Sanfte, dicke Schneeflocken fallen leise vom Himmel und hüllen die Erde in eine funkelnde, weiße Decke, die den Garten in eine zauberhafte Winterlandschaft verwandelt. Emma sitzt am Abend vor Weihnachten allein in ihrem Zimmer und beobachtet fasziniert dieses Schauspiel. Die große Glasfront gewährt ihr einen klaren Blick auf die winterliche Szenerie. In nur wenigen Minuten hat sich die Welt in eine strahlend weiße Kulisse verwandelt, die Emma an nostalgischen Weihnachtspostkarten erinnert, die sie so gerne betrachtet. Früher brachte der Briefträger in der Vorweihnachtszeit oft einen Stapel Ansichtskarten mit festlichen Motiven, geschmückt mit liebevollen Grüßen von Familie und Freunden. Emma bewahrt alle Karten in einem schön gestalteten Karton auf. In diesem Schatzkistchen befinden sich kostbaren Erinnerungen.
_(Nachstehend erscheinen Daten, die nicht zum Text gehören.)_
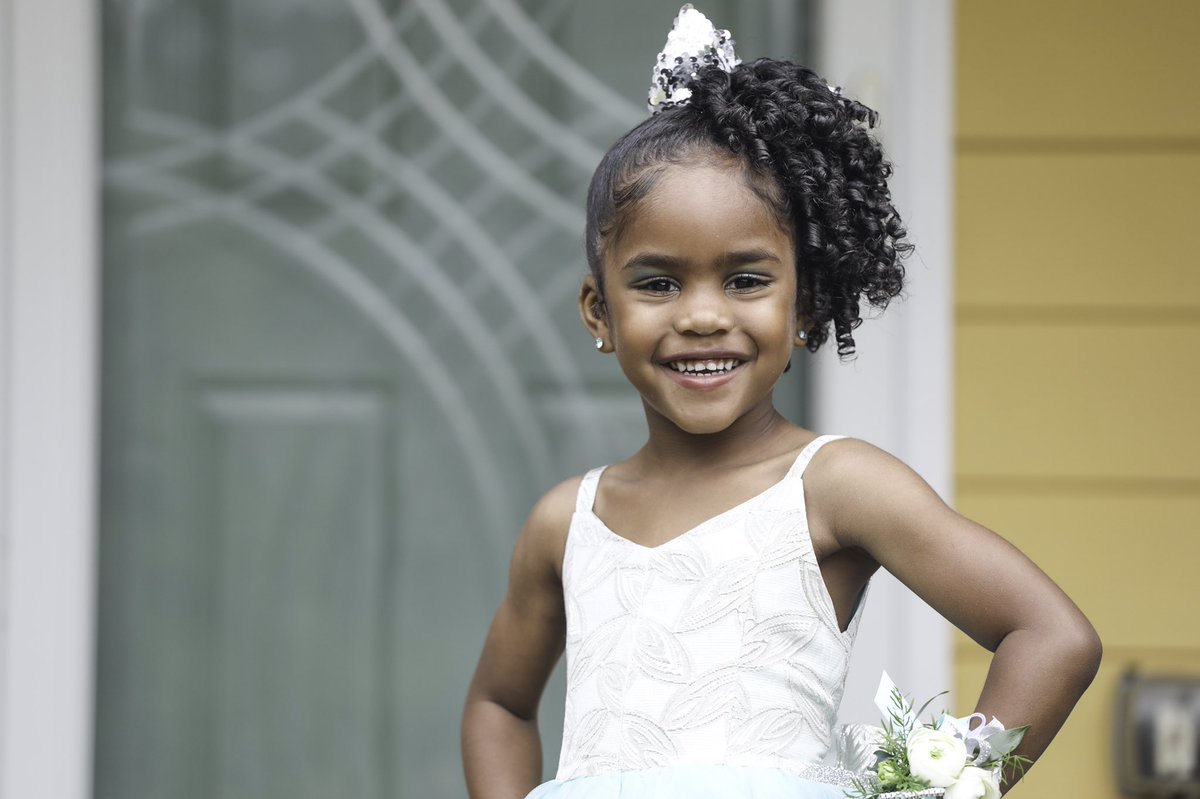 goldengroupweb3's tweet photo. #YouthPhotography by #ColbyHicksPhotography. #ColbyHicksProductions #YouthProm #Prom #Children #Smile #Beauty https://t.co/qmKPC4TB8W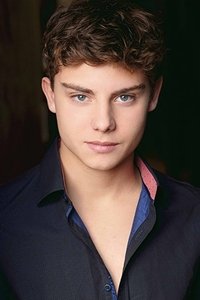 الممثل Carson MacCormac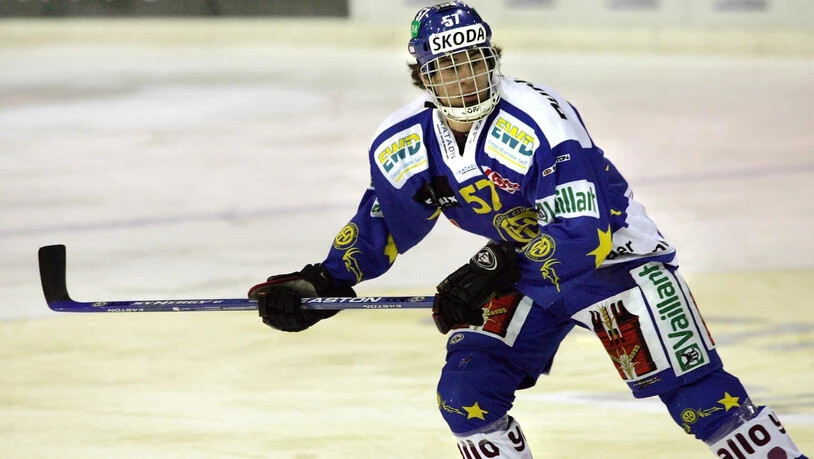Lukas Stoop 2007 in seiner Debüt-Saison für den HC Davos.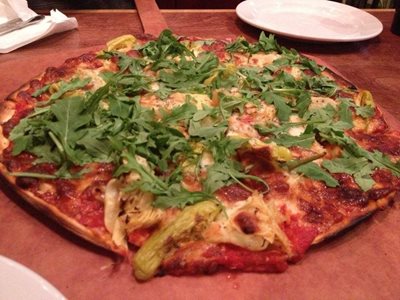 شیکاگو-فست-فود-Flo-Santos-pizza-256168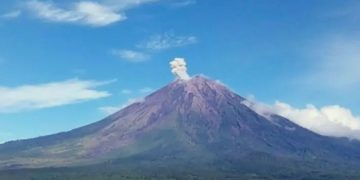 Gunung Semeru Kembali Erupsi, Awan Panas Guguran Mengarah ke Besuk Kobokan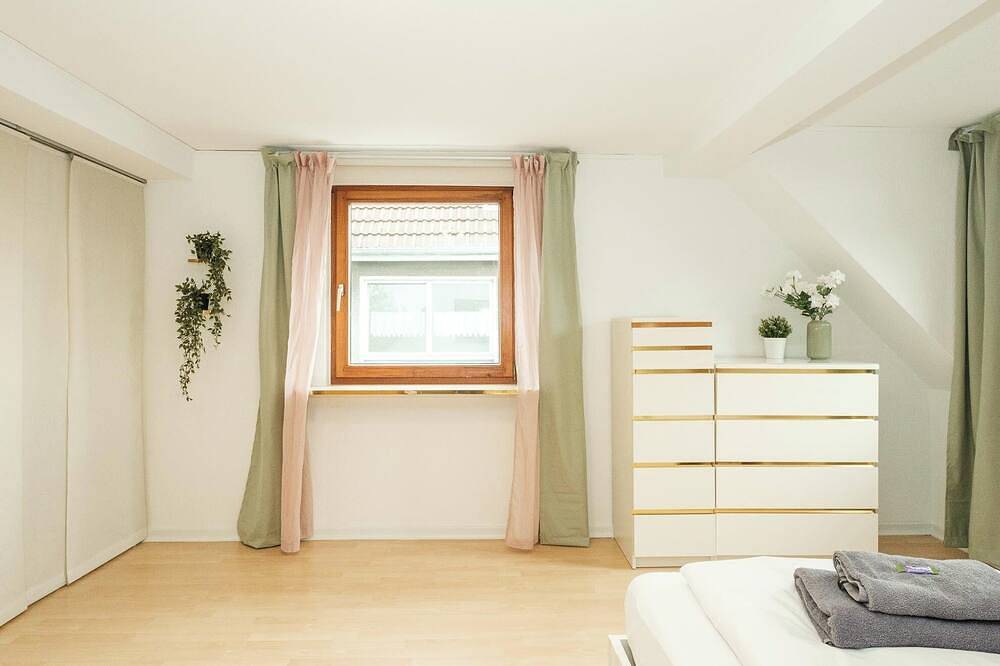 Ganze Wohnung, Gemütliche Wohnung mit Balkon, ruhig, perfekt für Paare und Geschäftsreisende in Stadtbezirk VII, Essen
Heute nimmt sich niemand mehr Zeit, Weihnachtsgrüße auf schönen, glitzernden Karten zu senden. Nurmehr einfallslose Textnachrichten bekunden den Gedanken an Weihnachten. Emma drückt ihre kleine Nase gegen die kalte Fensterscheibe, während sie dem schimmernden Schneetreiben zusieht. Es ist kurz vor Weihnachten, und wie in jedem Jahr sind ihre Eltern angespannt und hektisch. Emma kann sich nicht daran erinnern, dass es jemals anders gewesen wäre. Ihre Laptops und Handys scheinen ihre ständigen Begleiter zu sein, selbst in dieser festlichen Zeit. Emma fühlt sich unsichtbar. Obwohl sie erst acht Jahre alt ist, kennt sie die schmerzliche Einsamkeit.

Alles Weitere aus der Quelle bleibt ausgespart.